Leor Zolman said:
Interesting this issue should just now come up, as I was wondering myself
about it while reading through Eckel/Allison's _Thinking in C++ Volume II_.
Throughout the book, they use the word "heap" synonymously with "free
store". IOW, instead of saying "allocated dynamically" or even "allocated
on/from the free store", they consistently say "from the heap", use the
term "heap memory", and even name a utility class for monitoring use of
new/delete "TraceHeap".
Herb Sutter, in GotW #9 (and subsequently in "Exceptional C++"), makes a
distinction between "heap" and "free store" (hopefully, Herb won't sue me for
copying and pasting):
The following summarizes a C++ program's major distinct memory areas.
Note that some of the names (e.g., "heap") do not appear as such in
the draft.
Memory Area Characteristics and Object Lifetimes
-------------- ------------------------------------------------
Const Data The const data area stores string literals and
other data whose values are known at compile
time. No objects of class type can exist in
this area. All data in this area is available
during the entire lifetime of the program.
Further, all of this data is read-only, and the
results of trying to modify it are undefined.
This is in part because even the underlying
storage format is subject to arbitrary
optimization by the implementation. For
example, a particular compiler may store string
literals in overlapping objects if it wants to.
Stack The stack stores automatic variables. Typically
allocation is much faster than for dynamic
storage (heap or free store) because a memory
allocation involves only pointer increment
rather than more complex management. Objects
are constructed immediately after memory is
allocated and destroyed immediately before
memory is deallocated, so there is no
opportunity for programmers to directly
manipulate allocated but uninitialized stack
space (barring willful tampering using explicit
dtors and placement new).
Free Store The free store is one of the two dynamic memory
areas, allocated/freed by new/delete. Object
lifetime can be less than the time the storage
is allocated; that is, free store objects can
have memory allocated without being immediately
initialized, and can be destroyed without the
memory being immediately deallocated. During
the period when the storage is allocated but
outside the object's lifetime, the storage may
be accessed and manipulated through a void* but
none of the proto-object's nonstatic members or
member functions may be accessed, have their
addresses taken, or be otherwise manipulated.

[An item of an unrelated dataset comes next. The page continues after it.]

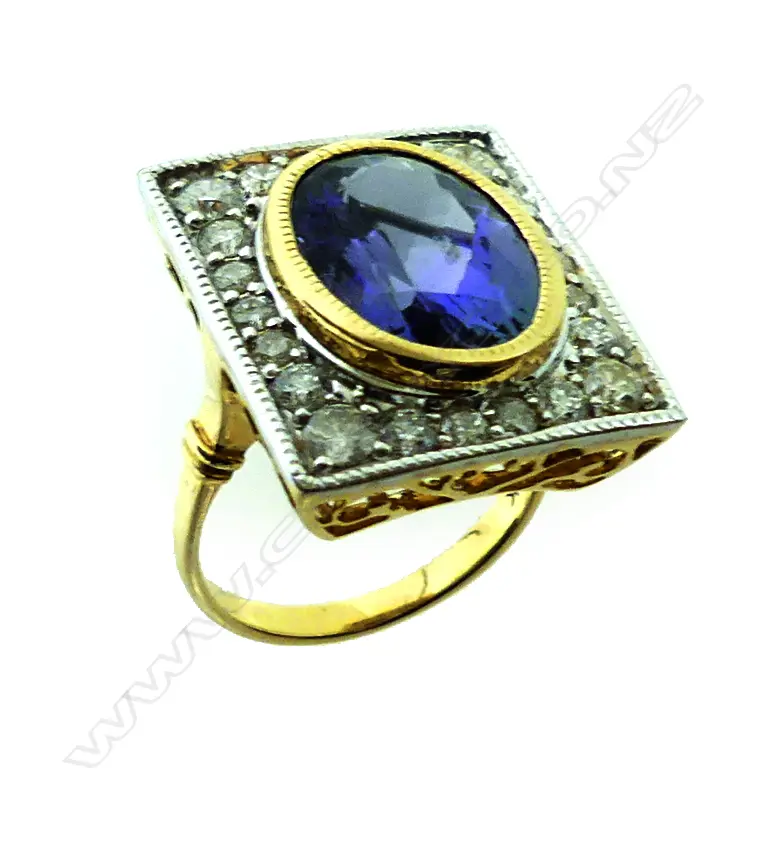 A 14ct. gold tanzanite and diamond Art Deco style ring Image 1++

Heap The heap is the other dynamic memory area,
allocated/freed by malloc/free and their
variants. Note that while the default global
new and delete might be implemented in terms of
malloc and free by a particular compiler, the
heap is not the same as free store and memory
allocated in one area cannot be safely
deallocated in the other. Memory allocated from
the heap can be used for objects of class type
by placement-new construction and explicit
destruction. If so used, the notes about free
store object lifetime apply similarly here.
Global/Static Global or static variables and objects have
their storage allocated at program startup, but
may not be initialized until after the program
has begun executing. For instance, a static
variable in a function is initialized only the
first time program execution passes through its
definition. The order of initialization of
global variables across translation units is not
defined, and special care is needed to manage
dependencies between global objects (including
class statics). As always, uninitialized proto-
objects' storage may be accessed and manipulated
through a void* but no nonstatic members or
member functions may be used or referenced
outside the object's actual lifetime.
Note about Heap vs. Free Store: We distinguish between "heap" and
"free store" because the draft deliberately leaves unspecified the
question of whether these two areas are related. For example,
when memory is deallocated via operator delete, 18.4.1.1 states:
It is unspecified under what conditions part or all of such
reclaimed storage is allocated by a subsequent call to operator new
or any of calloc, malloc, or realloc, declared in <cstdlib>.
Similarly, it is unspecified whether new/delete is implemented in
terms of malloc/free or vice versa in a given implementation.
Effectively, the two areas behave differently and are accessed
differently -- so be sure to use them differently!